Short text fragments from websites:
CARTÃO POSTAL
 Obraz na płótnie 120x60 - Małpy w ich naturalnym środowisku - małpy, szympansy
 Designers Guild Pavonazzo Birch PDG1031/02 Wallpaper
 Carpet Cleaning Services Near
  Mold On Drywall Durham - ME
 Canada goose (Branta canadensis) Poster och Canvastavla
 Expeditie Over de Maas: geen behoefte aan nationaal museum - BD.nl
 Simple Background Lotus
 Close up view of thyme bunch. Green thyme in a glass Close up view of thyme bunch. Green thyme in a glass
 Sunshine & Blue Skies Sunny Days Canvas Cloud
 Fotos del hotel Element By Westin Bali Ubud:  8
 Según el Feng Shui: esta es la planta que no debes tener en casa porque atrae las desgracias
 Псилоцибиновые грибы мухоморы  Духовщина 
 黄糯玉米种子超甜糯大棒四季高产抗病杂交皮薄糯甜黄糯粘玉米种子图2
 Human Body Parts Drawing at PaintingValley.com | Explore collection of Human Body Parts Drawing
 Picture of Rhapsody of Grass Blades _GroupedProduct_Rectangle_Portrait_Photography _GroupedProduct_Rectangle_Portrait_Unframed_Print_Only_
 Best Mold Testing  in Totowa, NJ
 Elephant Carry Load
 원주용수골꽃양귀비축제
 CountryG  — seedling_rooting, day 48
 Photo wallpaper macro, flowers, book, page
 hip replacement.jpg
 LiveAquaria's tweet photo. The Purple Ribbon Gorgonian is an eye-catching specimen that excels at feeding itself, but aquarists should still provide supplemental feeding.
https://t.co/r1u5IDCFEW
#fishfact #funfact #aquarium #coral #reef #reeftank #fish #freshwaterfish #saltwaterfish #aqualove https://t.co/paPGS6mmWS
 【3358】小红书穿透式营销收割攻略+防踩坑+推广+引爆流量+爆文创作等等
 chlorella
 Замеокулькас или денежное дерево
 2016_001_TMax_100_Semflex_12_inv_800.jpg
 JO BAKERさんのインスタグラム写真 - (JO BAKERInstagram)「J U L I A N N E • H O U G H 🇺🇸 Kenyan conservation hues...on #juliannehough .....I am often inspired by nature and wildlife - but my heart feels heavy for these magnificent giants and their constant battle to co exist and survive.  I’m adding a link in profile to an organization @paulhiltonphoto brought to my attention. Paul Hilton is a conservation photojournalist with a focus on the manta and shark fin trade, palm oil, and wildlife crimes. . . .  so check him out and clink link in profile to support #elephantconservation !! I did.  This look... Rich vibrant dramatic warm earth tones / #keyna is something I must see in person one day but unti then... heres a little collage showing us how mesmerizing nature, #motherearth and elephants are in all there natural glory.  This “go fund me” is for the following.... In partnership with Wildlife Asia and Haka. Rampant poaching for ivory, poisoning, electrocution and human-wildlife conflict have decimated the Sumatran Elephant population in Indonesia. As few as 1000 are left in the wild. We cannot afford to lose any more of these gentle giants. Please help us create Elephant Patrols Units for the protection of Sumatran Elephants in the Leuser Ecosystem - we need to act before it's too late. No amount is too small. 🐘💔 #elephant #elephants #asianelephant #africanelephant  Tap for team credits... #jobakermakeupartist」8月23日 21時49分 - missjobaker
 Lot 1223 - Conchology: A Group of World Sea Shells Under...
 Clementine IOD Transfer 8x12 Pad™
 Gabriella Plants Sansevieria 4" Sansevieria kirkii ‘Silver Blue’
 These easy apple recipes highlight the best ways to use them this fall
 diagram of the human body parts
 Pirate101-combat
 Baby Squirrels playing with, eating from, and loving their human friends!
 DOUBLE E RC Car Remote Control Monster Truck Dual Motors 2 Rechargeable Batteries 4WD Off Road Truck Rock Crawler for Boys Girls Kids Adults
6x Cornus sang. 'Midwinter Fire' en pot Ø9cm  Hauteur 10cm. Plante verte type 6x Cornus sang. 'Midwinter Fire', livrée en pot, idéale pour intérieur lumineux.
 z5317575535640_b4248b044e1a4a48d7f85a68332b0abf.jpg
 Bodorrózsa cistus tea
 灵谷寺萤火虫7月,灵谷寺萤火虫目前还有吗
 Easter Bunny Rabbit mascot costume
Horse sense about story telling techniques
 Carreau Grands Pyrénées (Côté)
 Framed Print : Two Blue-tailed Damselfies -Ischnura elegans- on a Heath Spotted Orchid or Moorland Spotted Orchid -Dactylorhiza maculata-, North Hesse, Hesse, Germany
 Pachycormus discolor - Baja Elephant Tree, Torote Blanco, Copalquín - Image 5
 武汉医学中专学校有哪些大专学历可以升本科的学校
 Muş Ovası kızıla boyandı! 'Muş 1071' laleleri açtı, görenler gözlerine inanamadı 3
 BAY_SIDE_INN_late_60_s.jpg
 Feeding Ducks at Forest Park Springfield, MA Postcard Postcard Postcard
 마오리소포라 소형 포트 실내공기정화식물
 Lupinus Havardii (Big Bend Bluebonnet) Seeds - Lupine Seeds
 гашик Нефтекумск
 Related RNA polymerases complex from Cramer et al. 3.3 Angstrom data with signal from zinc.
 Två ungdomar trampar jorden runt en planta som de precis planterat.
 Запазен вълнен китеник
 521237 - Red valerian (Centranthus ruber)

• TASK PROMPT:
Write down all of the records again, word for word.

• OUTPUT FOR THIS EXERCISE:
CARTÃO POSTAL
 Obraz na płótnie 120x60 - Małpy w ich naturalnym środowisku - małpy, szympansy
 Designers Guild Pavonazzo Birch PDG1031/02 Wallpaper
 Carpet Cleaning Services Near
  Mold On Drywall Durham - ME
 Canada goose (Branta canadensis) Poster och Canvastavla
 Expeditie Over de Maas: geen behoefte aan nationaal museum - BD.nl
 Simple Background Lotus
 Close up view of thyme bunch. Green thyme in a glass Close up view of thyme bunch. Green thyme in a glass
 Sunshine & Blue Skies Sunny Days Canvas Cloud
 Fotos del hotel Element By Westin Bali Ubud:  8
 Según el Feng Shui: esta es la planta que no debes tener en casa porque atrae las desgracias
 Псилоцибиновые грибы мухоморы  Духовщина 
 黄糯玉米种子超甜糯大棒四季高产抗病杂交皮薄糯甜黄糯粘玉米种子图2
 Human Body Parts Drawing at PaintingValley.com | Explore collection of Human Body Parts Drawing
 Picture of Rhapsody of Grass Blades _GroupedProduct_Rectangle_Portrait_Photography _GroupedProduct_Rectangle_Portrait_Unframed_Print_Only_
 Best Mold Testing  in Totowa, NJ
 Elephant Carry Load
 원주용수골꽃양귀비축제
 CountryG  — seedling_rooting, day 48
 Photo wallpaper macro, flowers, book, page
 hip replacement.jpg
 LiveAquaria's tweet photo. The Purple Ribbon Gorgonian is an eye-catching specimen that excels at feeding itself, but aquarists should still provide supplemental feeding.
https://t.co/r1u5IDCFEW
#fishfact #funfact #aquarium #coral #reef #reeftank #fish #freshwaterfish #saltwaterfish #aqualove https://t.co/paPGS6mmWS
 【3358】小红书穿透式营销收割攻略+防踩坑+推广+引爆流量+爆文创作等等
 chlorella
 Замеокулькас или денежное дерево
 2016_001_TMax_100_Semflex_12_inv_800.jpg
 JO BAKERさんのインスタグラム写真 - (JO BAKERInstagram)「J U L I A N N E • H O U G H 🇺🇸 Kenyan conservation hues...on #juliannehough .....I am often inspired by nature and wildlife - but my heart feels heavy for these magnificent giants and their constant battle to co exist and survive.  I’m adding a link in profile to an organization @paulhiltonphoto brought to my attention. Paul Hilton is a conservation photojournalist with a focus on the manta and shark fin trade, palm oil, and wildlife crimes. . . .  so check him out and clink link in profile to support #elephantconservation !! I did.  This look... Rich vibrant dramatic warm earth tones / #keyna is something I must see in person one day but unti then... heres a little collage showing us how mesmerizing nature, #motherearth and elephants are in all there natural glory.  This “go fund me” is for the following.... In partnership with Wildlife Asia and Haka. Rampant poaching for ivory, poisoning, electrocution and human-wildlife conflict have decimated the Sumatran Elephant population in Indonesia. As few as 1000 are left in the wild. We cannot afford to lose any more of these gentle giants. Please help us create Elephant Patrols Units for the protection of Sumatran Elephants in the Leuser Ecosystem - we need to act before it's too late. No amount is too small. 🐘💔 #elephant #elephants #asianelephant #africanelephant  Tap for team credits... #jobakermakeupartist」8月23日 21時49分 - missjobaker
 Lot 1223 - Conchology: A Group of World Sea Shells Under...
 Clementine IOD Transfer 8x12 Pad™
 Gabriella Plants Sansevieria 4" Sansevieria kirkii ‘Silver Blue’
 These easy apple recipes highlight the best ways to use them this fall
 diagram of the human body parts
 Pirate101-combat
 Baby Squirrels playing with, eating from, and loving their human friends!
 DOUBLE E RC Car Remote Control Monster Truck Dual Motors 2 Rechargeable Batteries 4WD Off Road Truck Rock Crawler for Boys Girls Kids Adults
6x Cornus sang. 'Midwinter Fire' en pot Ø9cm  Hauteur 10cm. Plante verte type 6x Cornus sang. 'Midwinter Fire', livrée en pot, idéale pour intérieur lumineux.
 z5317575535640_b4248b044e1a4a48d7f85a68332b0abf.jpg
 Bodorrózsa cistus tea
 灵谷寺萤火虫7月,灵谷寺萤火虫目前还有吗
 Easter Bunny Rabbit mascot costume
Horse sense about story telling techniques
 Carreau Grands Pyrénées (Côté)
 Framed Print : Two Blue-tailed Damselfies -Ischnura elegans- on a Heath Spotted Orchid or Moorland Spotted Orchid -Dactylorhiza maculata-, North Hesse, Hesse, Germany
 Pachycormus discolor - Baja Elephant Tree, Torote Blanco, Copalquín - Image 5
 武汉医学中专学校有哪些大专学历可以升本科的学校
 Muş Ovası kızıla boyandı! 'Muş 1071' laleleri açtı, görenler gözlerine inanamadı 3
 BAY_SIDE_INN_late_60_s.jpg
 Feeding Ducks at Forest Park Springfield, MA Postcard Postcard Postcard
 마오리소포라 소형 포트 실내공기정화식물
 Lupinus Havardii (Big Bend Bluebonnet) Seeds - Lupine Seeds
 гашик Нефтекумск
 Related RNA polymerases complex from Cramer et al. 3.3 Angstrom data with signal from zinc.
 Två ungdomar trampar jorden runt en planta som de precis planterat.
 Запазен вълнен китеник
 521237 - Red valerian (Centranthus ruber)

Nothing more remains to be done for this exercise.